▶ _Task objective_
Below are records to repeat exactly; copy them without the pictures.

▶ _Input data_
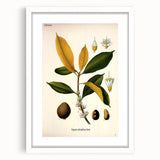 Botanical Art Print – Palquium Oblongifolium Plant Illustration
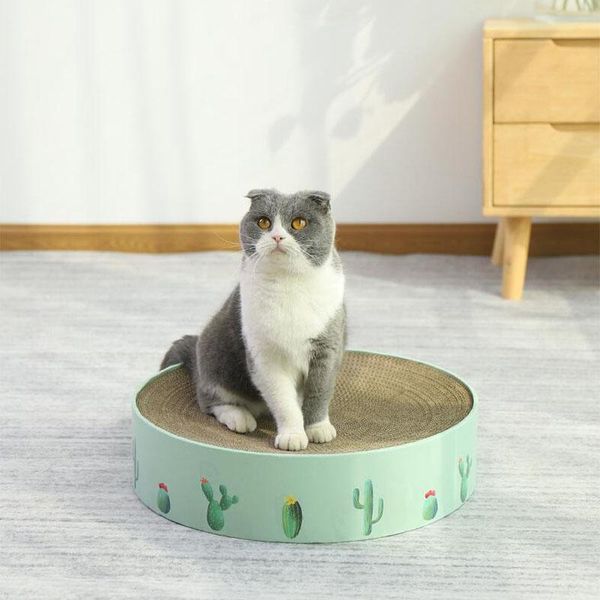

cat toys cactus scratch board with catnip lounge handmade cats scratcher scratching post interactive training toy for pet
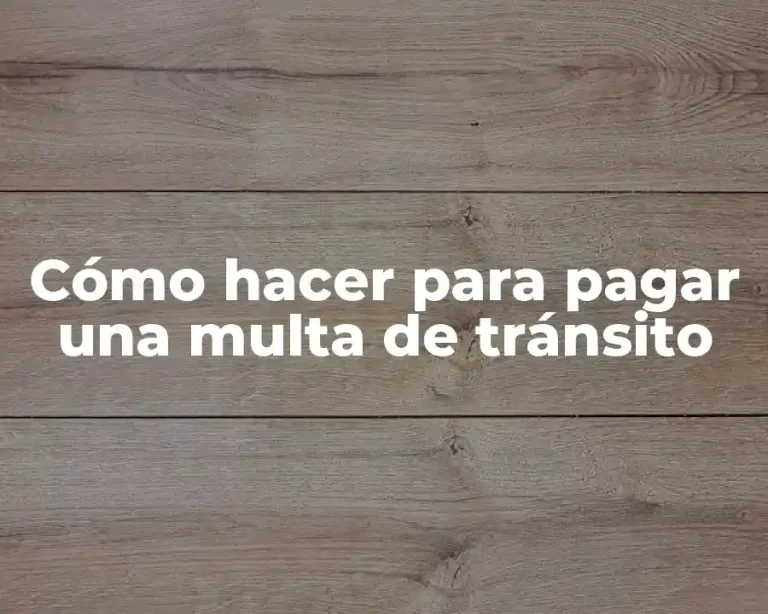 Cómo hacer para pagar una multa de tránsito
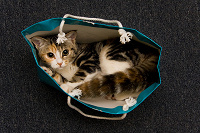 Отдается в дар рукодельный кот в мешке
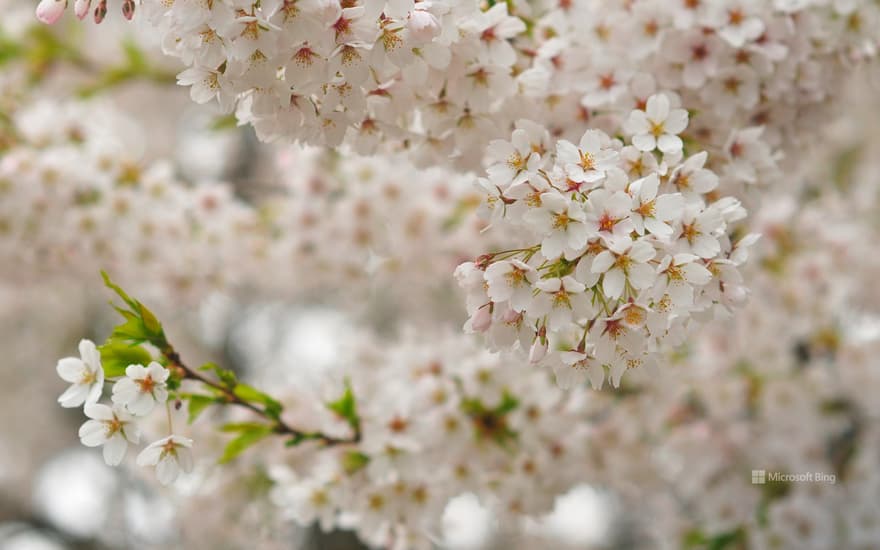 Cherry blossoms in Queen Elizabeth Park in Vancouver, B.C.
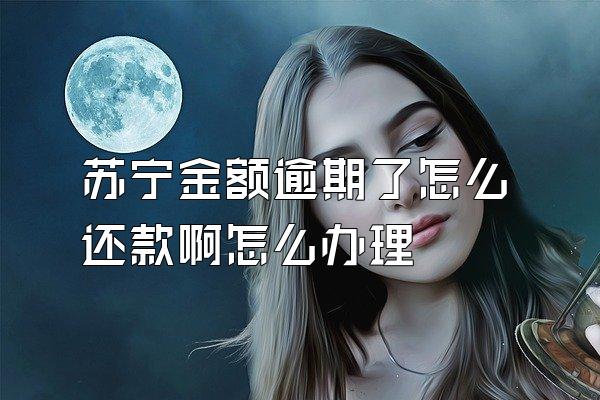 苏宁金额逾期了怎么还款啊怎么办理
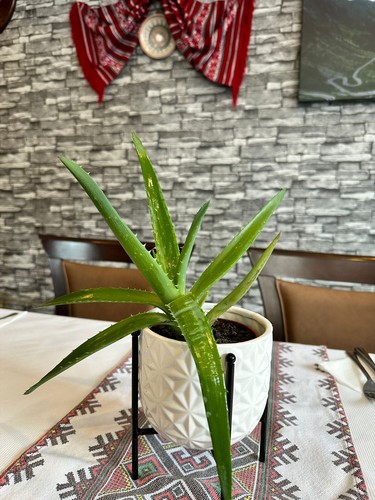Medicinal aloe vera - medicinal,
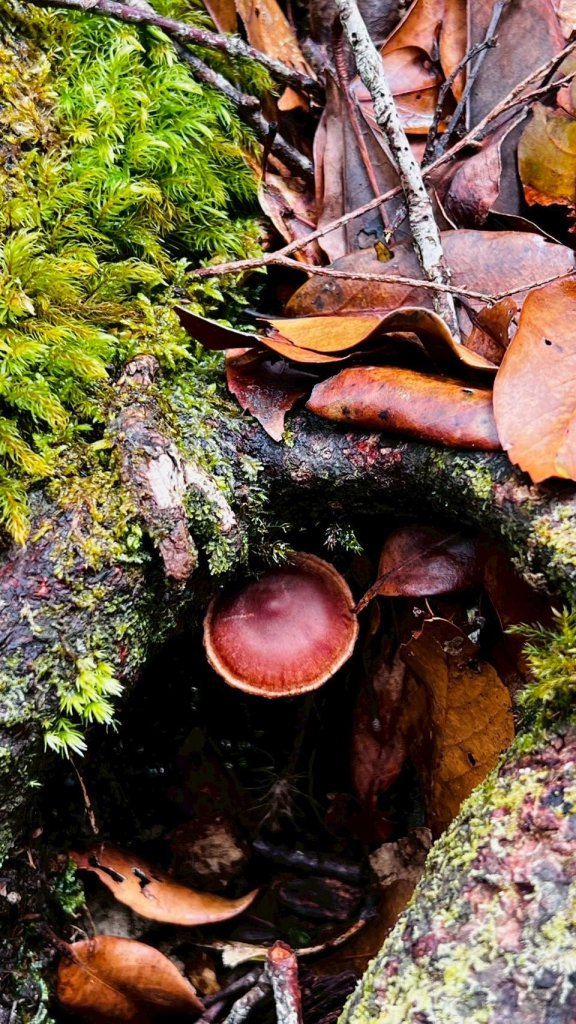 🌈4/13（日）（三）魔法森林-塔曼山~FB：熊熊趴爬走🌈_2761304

▶ _Finished task_
 Botanical Art Print – Palquium Oblongifolium Plant Illustration

cat toys cactus scratch board with catnip lounge handmade cats scratcher scratching post interactive training toy for pet
 Cómo hacer para pagar una multa de tránsito
 Отдается в дар рукодельный кот в мешке
 Cherry blossoms in Queen Elizabeth Park in Vancouver, B.C.
 苏宁金额逾期了怎么还款啊怎么办理
Medicinal aloe vera - medicinal,
 🌈4/13（日）（三）魔法森林-塔曼山~FB：熊熊趴爬走🌈_2761304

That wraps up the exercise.